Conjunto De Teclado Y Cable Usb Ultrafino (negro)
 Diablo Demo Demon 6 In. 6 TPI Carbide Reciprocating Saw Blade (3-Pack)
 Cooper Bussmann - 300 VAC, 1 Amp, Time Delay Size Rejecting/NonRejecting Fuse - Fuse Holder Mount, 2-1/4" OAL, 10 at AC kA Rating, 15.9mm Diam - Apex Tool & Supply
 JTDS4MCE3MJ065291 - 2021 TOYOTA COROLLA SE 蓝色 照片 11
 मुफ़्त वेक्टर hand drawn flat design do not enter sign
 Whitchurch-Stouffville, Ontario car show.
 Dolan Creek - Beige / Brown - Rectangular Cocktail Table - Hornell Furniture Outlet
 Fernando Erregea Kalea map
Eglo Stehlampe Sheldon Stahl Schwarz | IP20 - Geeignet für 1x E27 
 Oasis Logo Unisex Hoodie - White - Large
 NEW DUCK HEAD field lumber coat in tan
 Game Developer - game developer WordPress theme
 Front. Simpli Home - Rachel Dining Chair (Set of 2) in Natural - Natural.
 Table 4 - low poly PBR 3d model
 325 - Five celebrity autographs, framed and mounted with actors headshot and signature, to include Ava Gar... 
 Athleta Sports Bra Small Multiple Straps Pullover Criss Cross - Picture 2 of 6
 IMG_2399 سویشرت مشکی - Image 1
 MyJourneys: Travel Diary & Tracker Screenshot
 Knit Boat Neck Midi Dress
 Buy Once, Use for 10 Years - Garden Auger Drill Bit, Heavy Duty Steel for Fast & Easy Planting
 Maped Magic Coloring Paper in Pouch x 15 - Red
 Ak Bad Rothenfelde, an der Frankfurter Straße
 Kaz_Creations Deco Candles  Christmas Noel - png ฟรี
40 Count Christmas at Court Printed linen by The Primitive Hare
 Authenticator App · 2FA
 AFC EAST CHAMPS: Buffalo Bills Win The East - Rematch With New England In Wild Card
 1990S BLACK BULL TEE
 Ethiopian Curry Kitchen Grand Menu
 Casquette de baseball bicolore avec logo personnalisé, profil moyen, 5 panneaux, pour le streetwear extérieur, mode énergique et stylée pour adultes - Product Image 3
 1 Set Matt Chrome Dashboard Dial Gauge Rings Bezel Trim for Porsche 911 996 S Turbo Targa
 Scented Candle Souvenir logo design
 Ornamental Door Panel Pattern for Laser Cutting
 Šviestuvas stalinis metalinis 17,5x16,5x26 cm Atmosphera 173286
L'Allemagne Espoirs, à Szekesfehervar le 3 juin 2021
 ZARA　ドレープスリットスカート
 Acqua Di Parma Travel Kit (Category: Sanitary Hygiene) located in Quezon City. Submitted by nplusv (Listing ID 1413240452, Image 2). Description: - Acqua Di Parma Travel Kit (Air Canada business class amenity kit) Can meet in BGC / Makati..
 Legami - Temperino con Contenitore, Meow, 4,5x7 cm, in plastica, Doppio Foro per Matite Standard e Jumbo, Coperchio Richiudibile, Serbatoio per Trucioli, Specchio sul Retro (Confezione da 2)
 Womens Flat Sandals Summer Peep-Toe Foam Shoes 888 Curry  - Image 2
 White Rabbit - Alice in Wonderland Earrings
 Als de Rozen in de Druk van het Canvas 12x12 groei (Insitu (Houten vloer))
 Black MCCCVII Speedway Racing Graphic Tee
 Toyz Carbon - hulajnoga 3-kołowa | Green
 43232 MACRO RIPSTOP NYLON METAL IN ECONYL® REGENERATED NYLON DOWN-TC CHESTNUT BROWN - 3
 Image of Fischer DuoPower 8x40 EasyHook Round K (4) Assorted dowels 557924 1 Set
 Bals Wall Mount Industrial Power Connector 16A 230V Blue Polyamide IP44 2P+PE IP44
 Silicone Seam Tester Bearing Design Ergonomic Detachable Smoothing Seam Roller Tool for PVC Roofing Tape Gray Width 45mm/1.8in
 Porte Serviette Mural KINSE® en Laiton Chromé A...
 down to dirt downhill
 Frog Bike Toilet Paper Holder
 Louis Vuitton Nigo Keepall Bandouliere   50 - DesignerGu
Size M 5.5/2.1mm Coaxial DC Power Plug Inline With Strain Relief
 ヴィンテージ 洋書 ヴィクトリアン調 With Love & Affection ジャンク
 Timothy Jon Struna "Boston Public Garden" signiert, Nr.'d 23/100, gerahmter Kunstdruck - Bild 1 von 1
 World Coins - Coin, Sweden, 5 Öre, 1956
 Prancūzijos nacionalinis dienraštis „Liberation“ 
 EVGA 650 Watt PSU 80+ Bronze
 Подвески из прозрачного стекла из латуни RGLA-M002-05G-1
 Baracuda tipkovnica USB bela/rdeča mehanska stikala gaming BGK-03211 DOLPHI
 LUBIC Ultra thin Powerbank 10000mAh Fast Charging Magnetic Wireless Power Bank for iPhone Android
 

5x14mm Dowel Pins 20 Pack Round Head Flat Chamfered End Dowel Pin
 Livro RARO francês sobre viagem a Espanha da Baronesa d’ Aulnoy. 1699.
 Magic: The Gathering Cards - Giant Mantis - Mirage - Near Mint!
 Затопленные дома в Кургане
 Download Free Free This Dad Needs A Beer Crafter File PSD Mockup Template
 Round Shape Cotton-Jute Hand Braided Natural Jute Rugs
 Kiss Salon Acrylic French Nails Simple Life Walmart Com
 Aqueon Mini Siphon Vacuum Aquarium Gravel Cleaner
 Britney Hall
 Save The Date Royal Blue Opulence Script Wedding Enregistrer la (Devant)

• TASK PROMPT:
In the material above, how many lines contain "Fast"? Reply with only the number.

• SOLUTION TO THE PROBLEM:
2